The Hunter spoke into her com unit, "This does match up to the known patterns of the maverick Cyclone, correct?"

"At least he was wanted too," Zero said quietly.

"Hush."

"All right then." She put her com on standby. "I would like a statement from you on this incident, for the record. What're your names?"

"I'm Zero, and he's…"

"Rockman X," he said quickly.

"All right… and I'm Alia. I could take the statement from Zero, if you wish to keep working on yourself."

X nodded. He had to start applying the patches, and that would take some effort. Alia interviewed Zero about the fight and he stuck to simple answers. They both got done about the same time.

Alia finished with, "If that's all, we'll be taking him back to base for study. You boys go on home and stay out of further trouble, okay?"

"Sure," Zero said.

"Actually," X flipped out one of his business cards, being careful to obscure his listed name of Maverick X, "We've been working with him for a little while and I've been curious about some of his systems. As you can see, my shop has the approval rating to perform dissections of mavericks. If you'd let me take him, I'd appreciate it."

Alia took the card and studied the government approval grade. "I see. He's not a high priority case, so I don't see why not. I'll just take this for our records."

"Okay, thank you very much. We appreciate your services to world peace."

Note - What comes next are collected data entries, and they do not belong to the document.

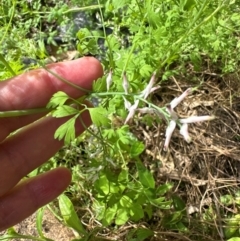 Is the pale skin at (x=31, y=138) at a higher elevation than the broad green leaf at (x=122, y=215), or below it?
higher

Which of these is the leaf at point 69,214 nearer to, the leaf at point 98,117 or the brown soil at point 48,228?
the brown soil at point 48,228

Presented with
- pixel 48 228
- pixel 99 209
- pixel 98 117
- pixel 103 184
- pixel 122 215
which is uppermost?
pixel 98 117

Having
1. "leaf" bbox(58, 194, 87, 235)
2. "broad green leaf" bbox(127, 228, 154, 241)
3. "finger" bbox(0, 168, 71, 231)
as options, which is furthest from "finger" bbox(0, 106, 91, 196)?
"broad green leaf" bbox(127, 228, 154, 241)

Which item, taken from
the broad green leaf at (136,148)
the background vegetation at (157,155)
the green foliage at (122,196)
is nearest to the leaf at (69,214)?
the background vegetation at (157,155)

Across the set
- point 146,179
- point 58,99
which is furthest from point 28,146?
point 146,179

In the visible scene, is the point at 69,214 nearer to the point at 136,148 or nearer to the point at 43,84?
the point at 136,148

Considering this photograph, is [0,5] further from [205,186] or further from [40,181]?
[205,186] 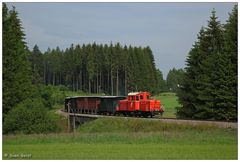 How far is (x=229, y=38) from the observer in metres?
21.1

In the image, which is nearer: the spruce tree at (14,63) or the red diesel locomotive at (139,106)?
the spruce tree at (14,63)

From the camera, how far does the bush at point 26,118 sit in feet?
65.1

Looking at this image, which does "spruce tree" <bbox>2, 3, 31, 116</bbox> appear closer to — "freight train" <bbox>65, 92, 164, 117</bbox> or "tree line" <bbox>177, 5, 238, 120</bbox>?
"freight train" <bbox>65, 92, 164, 117</bbox>

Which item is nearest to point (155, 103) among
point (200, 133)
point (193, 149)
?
point (200, 133)

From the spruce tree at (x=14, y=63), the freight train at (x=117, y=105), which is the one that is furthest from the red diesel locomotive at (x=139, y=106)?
the spruce tree at (x=14, y=63)

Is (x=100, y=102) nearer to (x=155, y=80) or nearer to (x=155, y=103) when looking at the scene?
(x=155, y=103)

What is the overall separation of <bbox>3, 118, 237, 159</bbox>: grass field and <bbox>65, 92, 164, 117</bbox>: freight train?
1090mm

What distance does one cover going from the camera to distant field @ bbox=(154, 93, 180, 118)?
23.7 m

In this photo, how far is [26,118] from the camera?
20000 millimetres

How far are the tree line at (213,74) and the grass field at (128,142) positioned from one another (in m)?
1.06

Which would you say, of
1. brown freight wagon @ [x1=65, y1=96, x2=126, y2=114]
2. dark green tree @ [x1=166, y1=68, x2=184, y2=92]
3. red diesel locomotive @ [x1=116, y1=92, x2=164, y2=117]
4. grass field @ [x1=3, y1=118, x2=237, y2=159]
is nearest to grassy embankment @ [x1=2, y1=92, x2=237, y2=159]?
grass field @ [x1=3, y1=118, x2=237, y2=159]

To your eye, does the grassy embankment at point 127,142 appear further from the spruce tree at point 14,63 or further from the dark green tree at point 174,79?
the spruce tree at point 14,63

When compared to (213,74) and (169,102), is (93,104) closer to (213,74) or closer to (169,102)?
(169,102)

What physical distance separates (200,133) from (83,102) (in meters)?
5.59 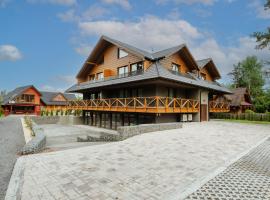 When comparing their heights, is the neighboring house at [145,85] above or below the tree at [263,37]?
below

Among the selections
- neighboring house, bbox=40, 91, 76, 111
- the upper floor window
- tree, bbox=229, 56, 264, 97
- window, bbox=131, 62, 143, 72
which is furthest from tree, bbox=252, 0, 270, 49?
the upper floor window

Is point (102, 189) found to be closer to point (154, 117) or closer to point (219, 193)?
point (219, 193)

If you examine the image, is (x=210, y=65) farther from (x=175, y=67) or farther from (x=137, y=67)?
(x=137, y=67)

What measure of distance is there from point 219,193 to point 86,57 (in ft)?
81.4

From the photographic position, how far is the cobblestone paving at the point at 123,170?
15.1 feet

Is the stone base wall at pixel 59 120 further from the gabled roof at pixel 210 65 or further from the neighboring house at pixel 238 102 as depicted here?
the neighboring house at pixel 238 102

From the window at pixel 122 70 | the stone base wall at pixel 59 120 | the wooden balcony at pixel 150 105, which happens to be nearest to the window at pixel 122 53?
the window at pixel 122 70

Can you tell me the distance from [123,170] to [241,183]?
3.37 m

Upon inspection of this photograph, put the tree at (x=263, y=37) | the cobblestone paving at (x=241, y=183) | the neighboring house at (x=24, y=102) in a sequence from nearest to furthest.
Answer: the cobblestone paving at (x=241, y=183) → the tree at (x=263, y=37) → the neighboring house at (x=24, y=102)

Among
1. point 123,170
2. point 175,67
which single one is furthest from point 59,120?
point 123,170

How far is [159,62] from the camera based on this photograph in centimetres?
1880

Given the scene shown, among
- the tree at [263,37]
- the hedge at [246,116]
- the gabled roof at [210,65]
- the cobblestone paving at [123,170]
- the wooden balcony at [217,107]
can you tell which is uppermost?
the tree at [263,37]

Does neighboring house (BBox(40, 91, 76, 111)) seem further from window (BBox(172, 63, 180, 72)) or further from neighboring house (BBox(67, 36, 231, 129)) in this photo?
window (BBox(172, 63, 180, 72))

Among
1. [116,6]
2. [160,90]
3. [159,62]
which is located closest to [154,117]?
[160,90]
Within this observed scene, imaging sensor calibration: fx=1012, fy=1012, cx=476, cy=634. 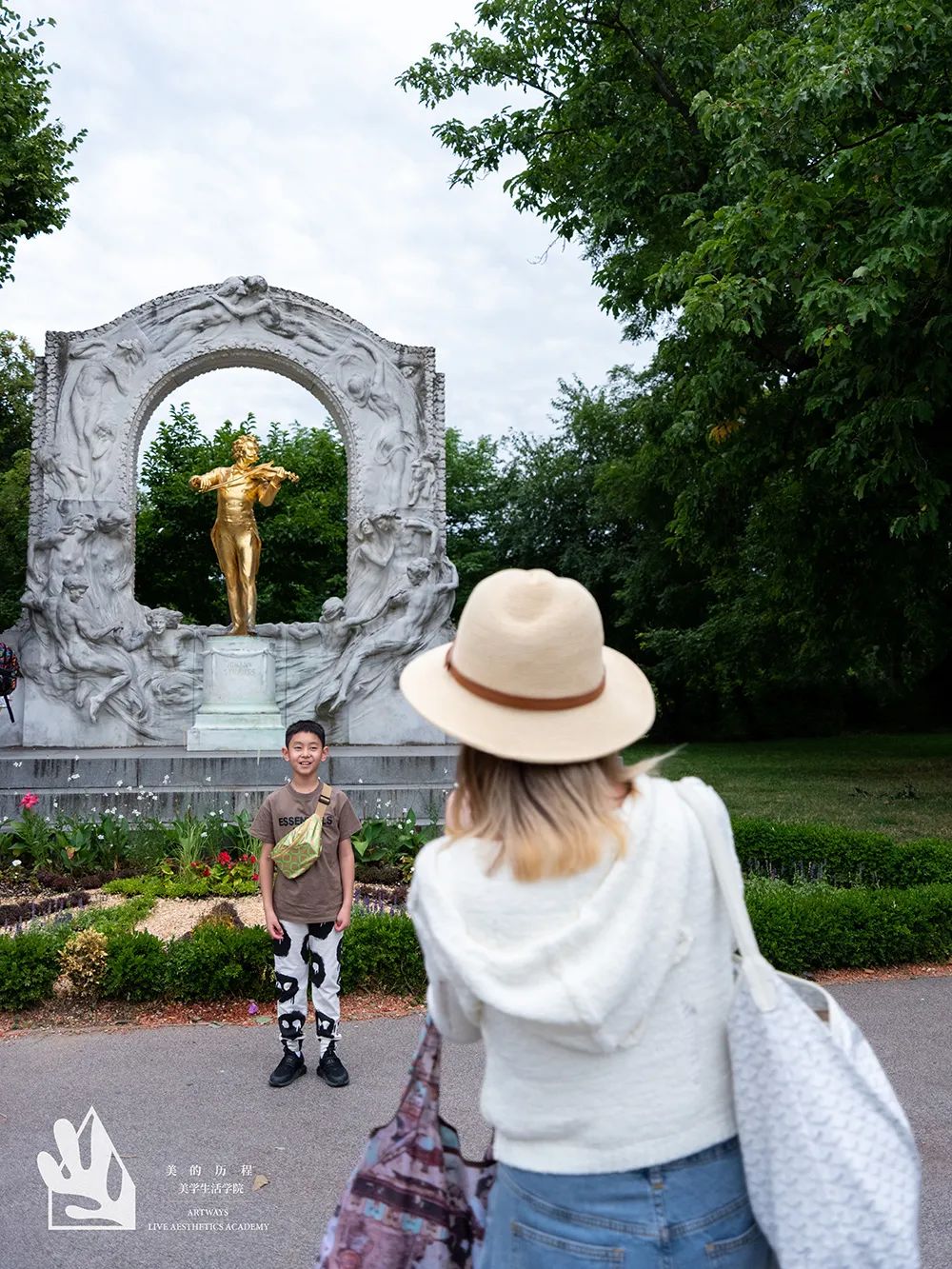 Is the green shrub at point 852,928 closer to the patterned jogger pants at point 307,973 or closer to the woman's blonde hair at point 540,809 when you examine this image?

She smiled. "It's our duty. Take care."

Zero helped him get Cyclone's body secured in the truck, then got in the driver's seat. "That went better than expected," he commented as he drove off.

X laughed. "****, you could still smell the factory on her."

"No kidding. So what do you want his body for?"

"I copied that scream attack off him, but I don't have the vocal power for it."

He raised his eyebrows. "And you're going to take a voice that seduces only men because of that?"

"I am not keeping that ability. I'll study the system, see how that works, then take it off. Besides, you were complaining that I had a mediocre voice."

"I was."

Back in the parking lot, Alia examined all the cars with shattered windows. Those closest to the battle also had small fractures in metal parts. What sort of ability caused all that?

"Hey Alia?"

"What is it Vera?"

"Give me that guy's shop number again."

"Sure." She read it off again.

"Um…"

"Vera?"

"Sorry, but ah… this is your first solo mission too, right?"

"This is your first support job?"

"By myself yeah."

"So what's got you worried?"

"Well, Rockman X… one of his aliases is Maverick X and he's under a lot of suspicion. Everything from cannibalizing parts to outright murder."

Alia turned around, but they were long gone. "So I should have detained him instead of giving a verbal warning? We are going to be in so much trouble."

"Just hang on a moment."

"I should have stuck with research."

Vera checked her IC. "I said hang on… I mean, I don't think anyone would have expected us to run into a maverick on the high danger list. Um, come back to base and we'll ask your unit leader about what we should do, given he took the body of a proven maverick."

"All right. Alia out."


Figuring out why Zero would be designed with all that hair makes for some fun crackfic scenarios. Although the one I have here is likely reasonable, that his training routine forces him to cut it if he fails or performs poorly. But then that leads into a fear of barbers and scissor-related things (eyes Cut Man). I've seen 'the hair acts as a counter balance' done pretty well too.